Weave Communications is a cloud-native, vertically focused customer experience and payments platform serving small- and medium-sized healthcare practices (dental, optometry, veterinary and other specialties) in the U.S. and Canada. Its subscription-first model bundles cloud telephony, two-way texting, appointment scheduling, forms, insurance verification, analytics and integrated payments; ~92% of revenue is recurring subscription and payment-processing revenue. The company reported accelerating revenue (2024: $204.3M, +20% YoY) with improving margins (consolidated gross margin ~71–72%) and positive Adjusted EBITDA driven by new-location adds, higher payments uptake and operating leverage.

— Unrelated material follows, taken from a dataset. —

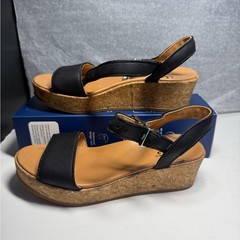 UGG Black and Tan Wedge Sandals size 1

Compensation at Weave is likely to be typical of growth-stage SaaS in the Health Information Services sector: a mix of base salary, annual bonuses tied to near‑term financial targets (revenue, ARR/dollar-based net retention), and material long-term equity (RSUs/PSUs) to align executives with multi-year subscription economics and retention metrics. Filings show rising stock‑based compensation (SBC $32.2M in 2024 versus $22.8M prior year) and headcount-related pay increases, indicating equity is a significant component of pay and dilution/expense sensitivity is a board-level consideration. Given the business emphasis on payments adoption, customer-location growth, gross margin expansion and successful PMS integrations (and now integration of TrueLark), pay plans are likely to include KPIs for new-location adds, NRR/gross retention, payments penetration, gross margin, and enterprise sales scale; compliance, uptime and regulatory adherence (HIPAA, TCPA) may be tied to incentive or retention clauses for product and engineering leaders.
Expect routine insider selling driven by equity compensation tax-withholdings and diversification needs—management already notes share‑settlement tax payments in the MD&A—so look for recurring sell activity around vesting events and year/quarter-ends. Material corporate events that could trigger unusual insider trades include quarterly results that beat/miss NRR or EBITDA targets, major PMS integrations or partner agreements, regulatory or messaging-cost developments (TCPA, FCC/CRTC), and acquisition milestones (e.g., TrueLark integration). Given the company’s credit-facility covenants, liquidity sensitivity and reliance on SBC, insiders may also use prearranged 10b5-1 plans to avoid appearance issues; traders should watch for large, non-plan sales or insider purchases as higher‑conviction signals, and respect normal blackout windows around earnings and material disclosure.